Había dos hermanos de la iglesia. Uno de ellos trabajaba en una carnicería. Llegó el hermano a la carnicería y le dijo al empleado: “Hermano, ¿me fía dos kilos de carne?” El empleado le dijo, “No puedo.” Le dijo el otro: “Pero somos hermanos.” El empleado le contestó, “Somos hermanos en el Espíritu, pero no en la carne.”

Una invidente va al culto y escucha al pastor predicar: “¡Hermanos, es el momento de lanzarnos todos a la siega!”, a lo cual la mujer interrumpe la predicación y manifiesta: “¡El primero que me toqué le pego con este bastón!”

El pastor hacía una dinámica a los jóvenes. Él les dio una hoja en blanco, y pidió que se dibujaran a la chica que quisieran para su esposa. Algunos la dibujaron con 90 60 90, pero hubo un hermano que no dibujó nada. Entonces, el pastor le preguntó, “¿Por qué no dibujaste?” Él respondió, “Porque yo quiero que el Señor me la de como Él quiere.” “¿Y si te da una coja?” le preguntó el pastor. Respondió el hermano, “No importa si yo la quiero para mi esposa, no para hacer carrera.”

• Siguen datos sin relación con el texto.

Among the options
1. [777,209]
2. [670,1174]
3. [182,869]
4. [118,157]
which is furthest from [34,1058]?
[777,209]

Dos cristianos beisbolistas querían saber si al morir podrían jugar béisbol en el cielo. Se hicieron una promesa que el primero que muriera pidiera permiso de venir a decirle al otro si hubiera béisbol en el cielo o no. Pasando el tiempo, murió uno, y se le apareció una noche al otro y lo despertó. “Hermano, hermano, ¡despierta!” “¿Qué pasó?” el otro respondió. “¿Has vuelto?” “¡Si! Te traigo una buena y una mala noticia.” “¡Dime! ¡Dime!” “La buena es que sí hay béisbol en el cielo.” “¿Y la mala?” “¡Te toca lanzar mañana!”